=== Section Start ===

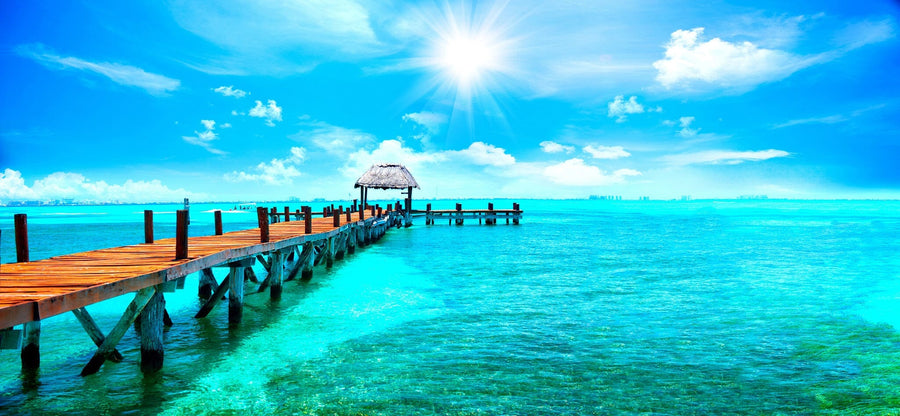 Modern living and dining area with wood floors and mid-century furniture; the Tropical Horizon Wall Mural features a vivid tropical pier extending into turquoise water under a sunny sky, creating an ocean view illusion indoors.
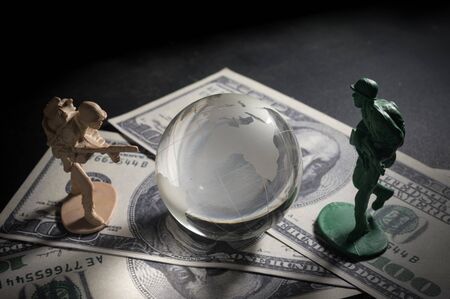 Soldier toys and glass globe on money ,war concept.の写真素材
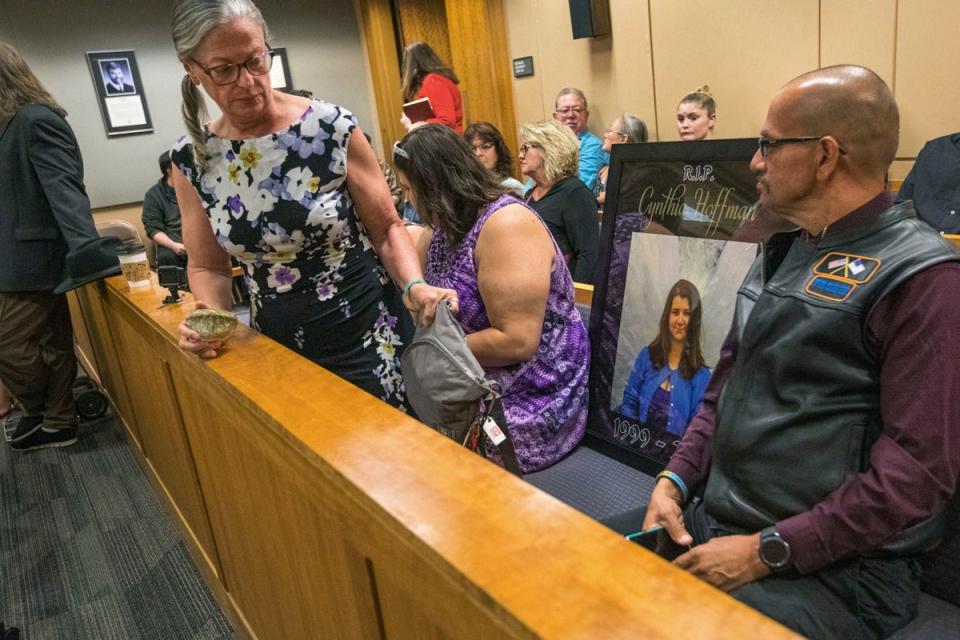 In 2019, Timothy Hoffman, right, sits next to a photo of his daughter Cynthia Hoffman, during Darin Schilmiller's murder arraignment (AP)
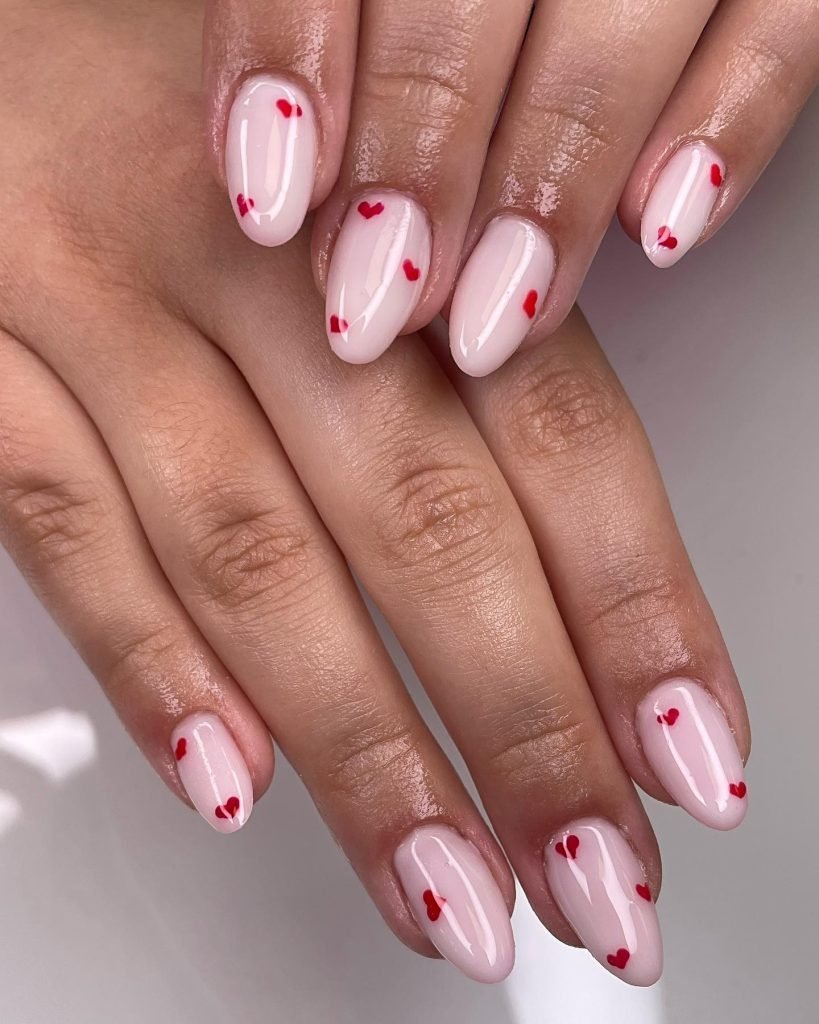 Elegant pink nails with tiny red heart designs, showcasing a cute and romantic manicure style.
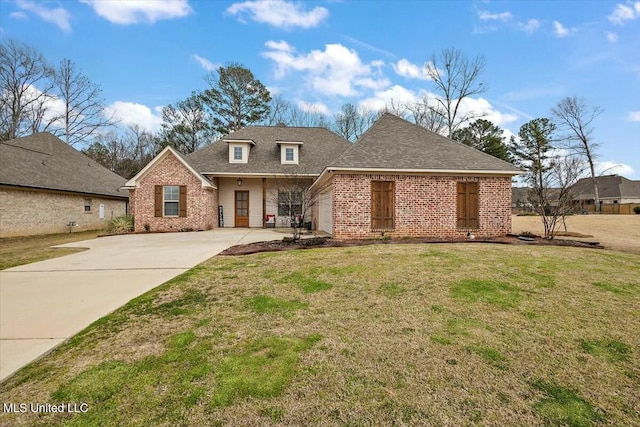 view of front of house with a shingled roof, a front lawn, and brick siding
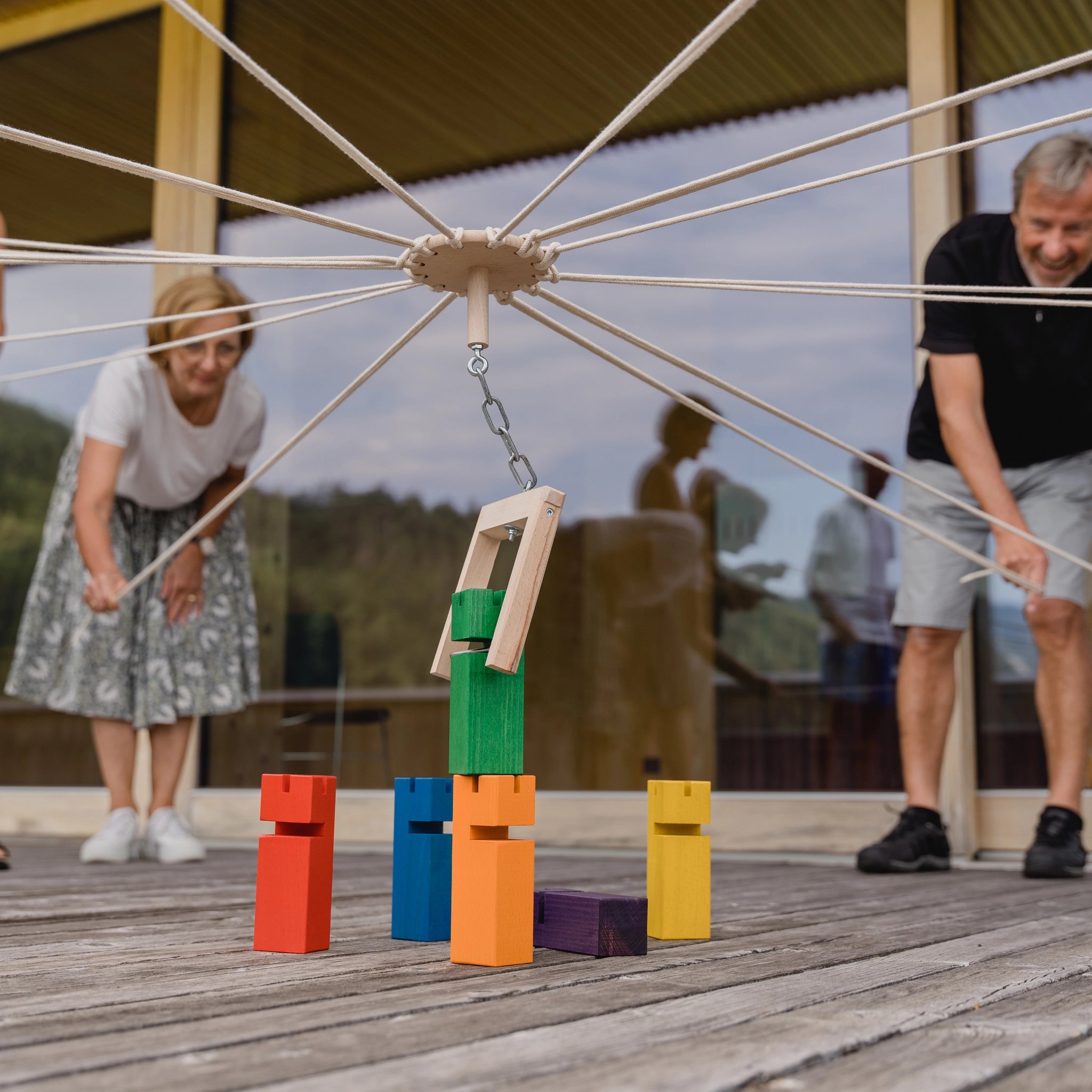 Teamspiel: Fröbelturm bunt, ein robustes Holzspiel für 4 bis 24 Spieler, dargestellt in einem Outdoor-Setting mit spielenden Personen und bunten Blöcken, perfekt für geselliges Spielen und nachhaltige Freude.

=== Section End ===

Assignment.
In the listing above, find the line with "In 2019, Timothy" and the line with "Elegant pink nails". Set down both and every line between them, minus the pictures.

Solution to the problem.
 In 2019, Timothy Hoffman, right, sits next to a photo of his daughter Cynthia Hoffman, during Darin Schilmiller's murder arraignment (AP)
 Elegant pink nails with tiny red heart designs, showcasing a cute and romantic manicure style.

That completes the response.